The increasing availability and diversity of quantitative information together with advances in the theory and practice of computational science are allowing once obscure information and insights to emerge, facilitating users with more accurate and personalized product recommendation and decision making. With this increasingly important role, it is crucial to have well-understood computational tools which are fair, correct, and robust. The most exciting recent developments in data-driven computation involves optimizing complicated black box models with enormous numbers of parameters. However, global recovery guarantees are only available when the optimization problem is convex, which imposes strong technical assumptions and is only applicable to a small portion of practical problems. Figure 9: Federated Learning

Figure 9: Federated Learning

Despite the lack of theoretical justification, people have come up with natural, efficient and effective non-convex formulations and algorithms over years of research and engineering applications. For example, iterative and greedy algorithms including Lloyd’s algorithm, EM algorithm have been popular for clustering deployed for bioinformatics, image analysis, computer graphics and so on. For these nonconvex formulations, only local solutions can be recovered, which heavily rely on the initialization and training data distribution.

This challenge is further amplified due to some modern computation trends. Classic machine learning approaches require centralizing large volume of training data on one machine or in a data center. Federated learning (FL) is a new edge-computing approach that proposes training models directly on remote devices by leveraging enhanced local resources on each device. In a standard FL setting, there are N clients (N is typically very large in practice), each having its own training data, and a central server whose role is to manage the training of a centralized model using the clients’ data.

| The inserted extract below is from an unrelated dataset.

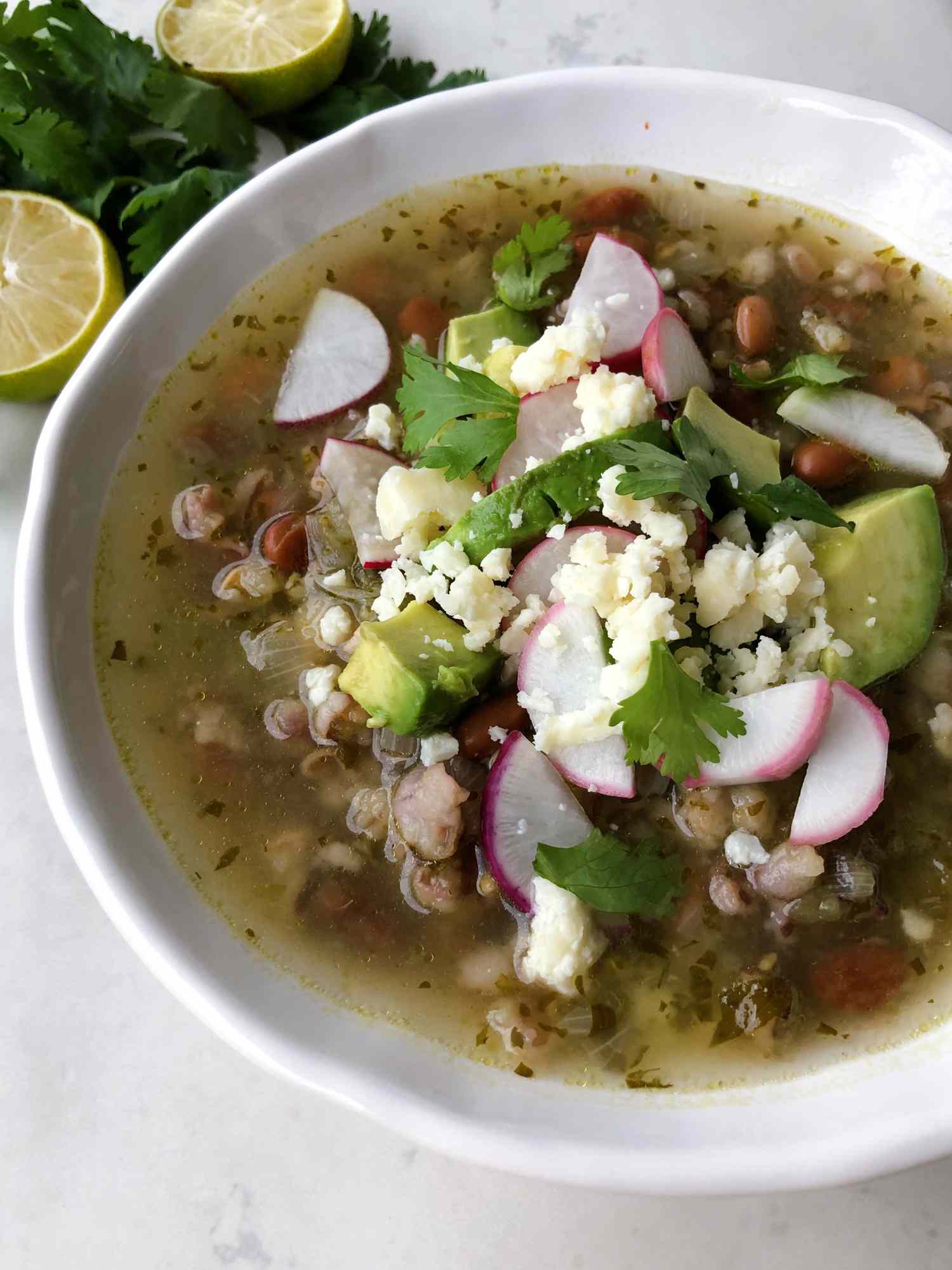 Instant Pot Vegetarian Verde Pozole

Federated learning enables multiple clients to build a common, robust machine learning model without sharing data, thus address issues including data privacy, data security, data access rights and access to heterogeneous data. In FL, data is distributed across millions of clients in a highly uneven fashion, and underlying machine learning problem f is usually nonconvex. The absence of knowledge about local solutions is worsened in this setting. When computation and data are being de-centralized unevenly, each client is very likely to return different local solutions for the same underlying nonconvex problem, hence how the central server synchronizes those local solutions stick out as a challenge for federated learning.